++++ Task input
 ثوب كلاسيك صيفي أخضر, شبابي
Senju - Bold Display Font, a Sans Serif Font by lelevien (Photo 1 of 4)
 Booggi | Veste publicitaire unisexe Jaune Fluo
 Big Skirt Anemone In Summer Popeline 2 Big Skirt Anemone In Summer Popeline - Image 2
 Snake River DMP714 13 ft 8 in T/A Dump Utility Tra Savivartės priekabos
++++++++
++++ Task input
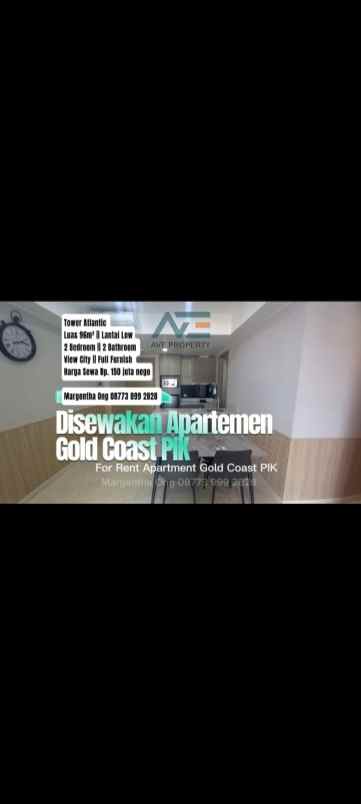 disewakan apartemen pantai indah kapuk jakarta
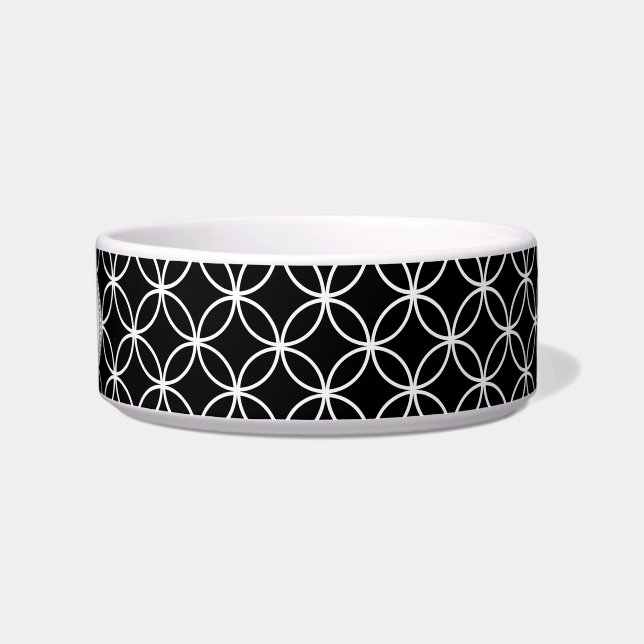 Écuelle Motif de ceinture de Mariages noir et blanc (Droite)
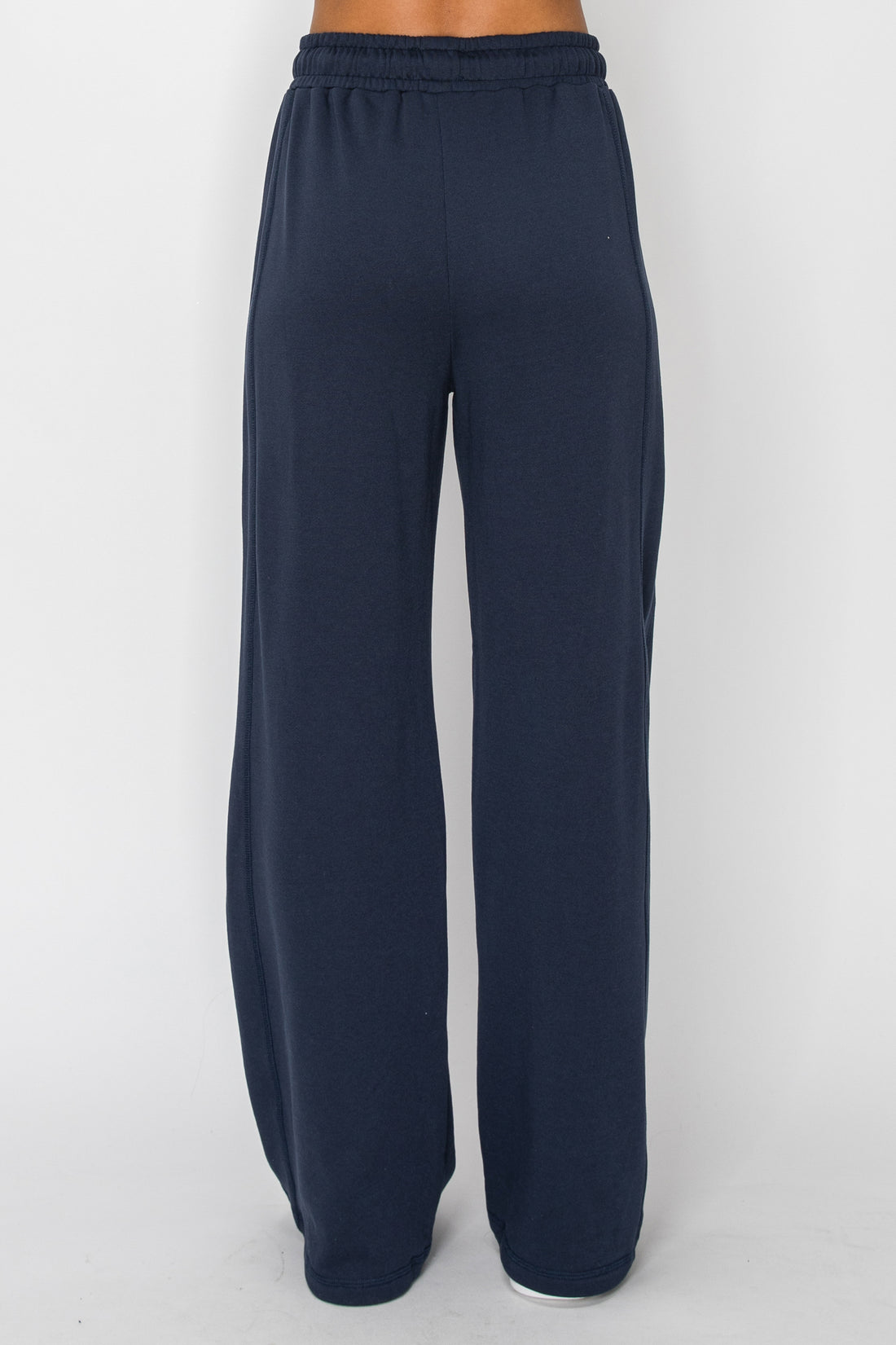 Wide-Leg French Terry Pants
++++++++
Activity
Using the data above, which lines fall from the one with "Écuelle Motif de" through the one with "Wide-Leg French Terry Pants"? Repeat them exactly, ends included, minus any pictures.

Result of this task
 Écuelle Motif de ceinture de Mariages noir et blanc (Droite)
 Wide-Leg French Terry Pants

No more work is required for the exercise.